大和の国のこころ、万葉のこころ

不肖私がこよなく愛する『万葉集』の鑑賞blogです。

蜻蛉羽の袖振る妹を・・・巻第3-376

訓読 >>>

蜻蛉羽(あきづは)の袖振る妹(いも)を玉くしげ奥に思ふを見たまへ我(あ)が君

 

要旨 >>>

とんぼの羽のように薄く美しい袖をひるがえして舞うあの子を、私は秘蔵の思いでいとしく思っているのです、よくよく御覧になって下さい、我が君よ。

 

鑑賞 >>>

 湯原王(ゆはらのおおきみ)が宴席で詠んだ歌で、王が「我が君」と呼ぶ親しい客をもてなし、王の侍女と思われる者に舞を舞わせ、その挨拶として詠んだものです。人に物を贈る時などに、その物が良い物であることや、その物を得るのに苦労したことをいうのが上代の風習であったように、ここでも、今舞わせている女は、自分にとっては大切な者だというのが礼であって、その心をもって詠んでいます。さらには、王がいかにその女を愛しているかを露わに表現しています。
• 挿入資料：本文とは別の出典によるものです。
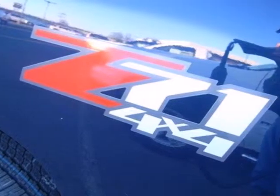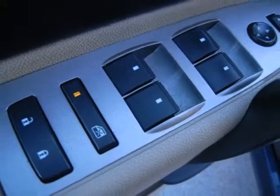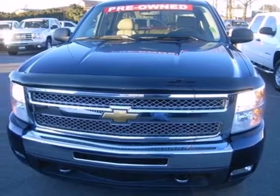For your money, there's no truck that brings as much performance, quality and comfort together in one package as the ever popular Silverado 1500.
 「蜻蛉羽」は、蜻蛉(とんぼ)の羽の意で、薄く、軽く、美しいさまを表現する語。「玉くしげ」は「奥」の枕詞。「奥に思ふ」は、秘蔵に思っている意。

 湯原王は、天智天皇の孫、志貴皇子の子で、兄弟に光仁天皇春日王海上女王らがいます。天平前期の代表的な歌人の一人で、父の透明感のある作風をそのまま継承し、またいっそう優美で繊細であると評価されています。